Configuration¶
This document describes how to configure the Dataset Profiler service for different environments and use cases.
Configuration Files¶
The Dataset Profiler service uses YAML configuration files located in the dataset_profiler/configs/ directory:
config_dev.yml: Development environment configurationconfig_prod.yml: Production environment configuration
The configuration file is selected via the --config_file command-line argument. When it is not provided, the service falls back to config_prod.yml. The production Docker image (Dockerfile.api) launches uvicorn pointing at config_prod.yml, while for local development you pass --config_file dataset_profiler/configs/config_dev.yml.
Configuration Structure¶
The configuration files have the following structure:
mode: "dev" # or "prod"
fastapi:
workers: 1
debug: True
reload: True
host: '0.0.0.0'
port: 4557
logging:
level: "INFO" # DEBUG, INFO, WARNING, ERROR, CRITICAL
app_name: "dataset-profiler"
enable_json_format: false
file_log_path: "./dataset-profiler-dev.log"

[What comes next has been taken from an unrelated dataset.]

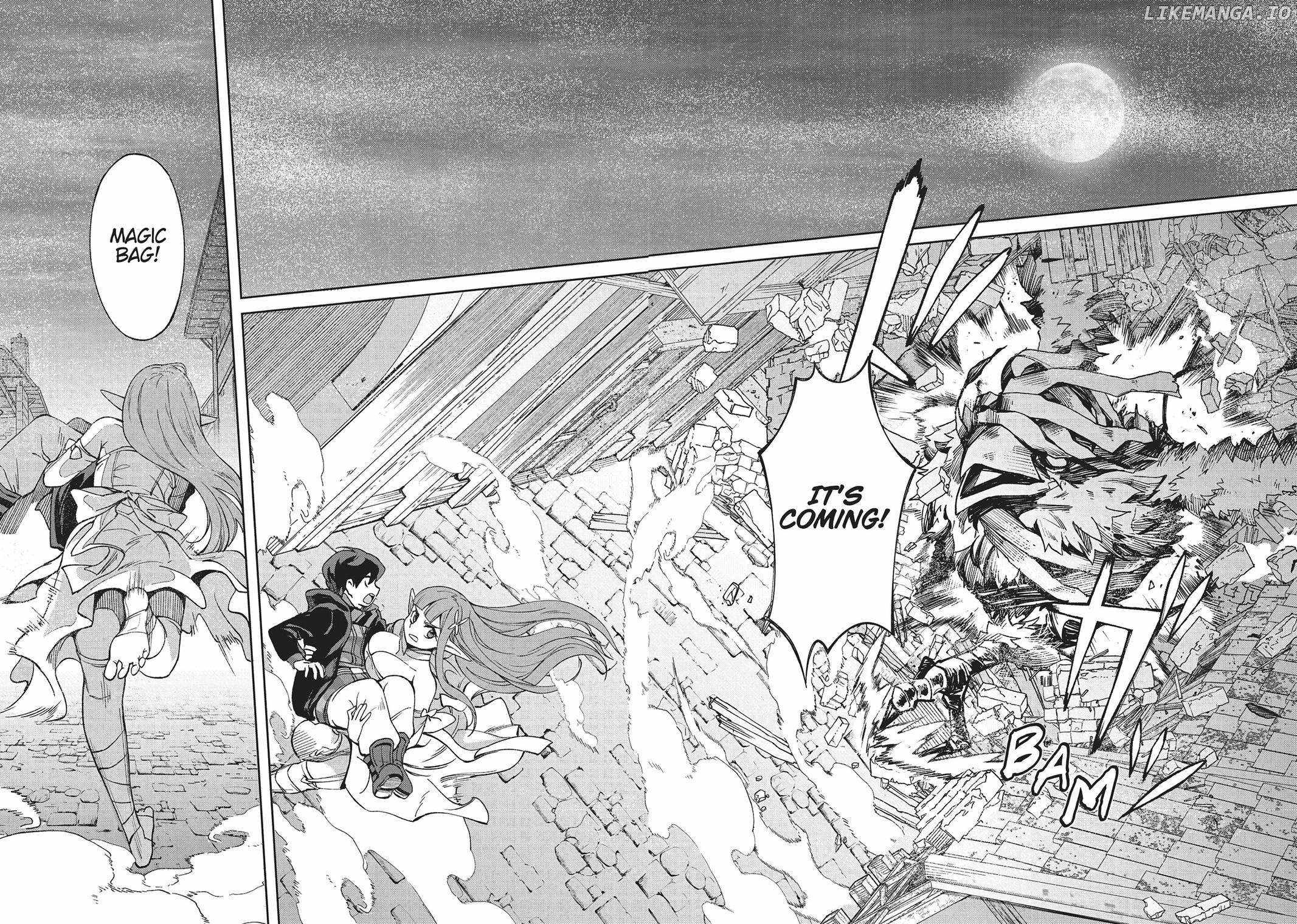 An Active Hunter in Hokkaido Has Been Thrown Into a Different World Chapter 17 - Page 24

Note that the production configuration file (config_prod.yml) does not have fastapi configuration since the deployed service has these parameters in the uvicorn command line found in Dockerfile.api:
mode: "prod"
logging:
level: "INFO" # DEBUG, INFO, WARNING, ERROR, CRITICAL
app_name: "dataset-profiler"
enable_json_format: true
file_log_path: "./logs/dataset-profiler-dev.log"
Configuration Options¶
FastAPI Configuration¶
| Option | Description | Default |
|---|---|---|
| host | Host to bind the API server | 0.0.0.0 |
| port | Port to bind the API server | 4557 |
| debug | Enable debug mode | True (dev) |
| workers | Number of worker processes | 1 |
| reload | Enable auto-reload on code changes | True (dev) |
Logging Configuration¶
| Option | Description | Default |
|---|---|---|
| level | Logging level (DEBUG, INFO, WARNING, ERROR, CRITICAL) | INFO |
| app_name | Application name for logging | dataset-profiler |
| enable_json_format | Enable JSON formatted logs | false (dev), true (prod) |
| file_log_path | Path for log file | ./dataset-profiler-dev.log (dev), ./logs/dataset-profiler-dev.log (prod) |
Environment Variables¶
Environment variables can be used to override configuration values. The following environment variables are supported based on the .env.example file:
| Variable | Description | Default (in code) |
|---|---|---|
| DATAGEMS_POSTGRES_HOST | PostgreSQL database host | (unset) |
| DATAGEMS_POSTGRES_PORT | PostgreSQL database port | (unset) |
| DATAGEMS_POSTGRES_USERNAME | PostgreSQL database username | (unset) |
| DATAGEMS_POSTGRES_PASSWORD | PostgreSQL database password | (unset) |
| DATAGEMS_TIMESCALE_DB_HOST | TimescaleDB database host | (unset) |
| DATAGEMS_TIMESCALE_DB_PORT | TimescaleDB database port | (unset) |
| DATAGEMS_TIMESCALE_DB_USERNAME | TimescaleDB database username | (unset) |
| DATAGEMS_TIMESCALE_DB_PASSWORD | TimescaleDB database password | (unset) |
| DATA_ROOT_PATH | Root path prepended to distribution file paths (mount to S3) | '' |
| MOUNT_POINT | Prefix prepended to RawDataPath connector dataset IDs when resolving raw data on the Ray worker |
'' |
| CDD_PROFILE_PATH | Directory where generated CDD profile JSON files are written | '' |
| RAY_ADDRESS | Address of the Ray head node | ray://ray-head:10001 |
| REDIS_HOST | Redis host | redis |
| REDIS_PORT | Redis port | 6379 |
| REDIS_DB | Redis database number | 0 |
| BASE_URL | Root path prefix the API is served under (FastAPI root_path) |
'' |
| ENABLE_AUTH | Enable API authentication | false |
Note
The defaults above are the fallbacks hard-coded in the application. The
.env.example file ships example values that may differ (e.g. it uses
localhost-based hosts suitable for running the dependencies locally).
Authentication¶
The Dataset Profiler service supports token-based authentication for all API endpoints. Authentication can be enabled or disabled using the ENABLE_AUTH environment variable.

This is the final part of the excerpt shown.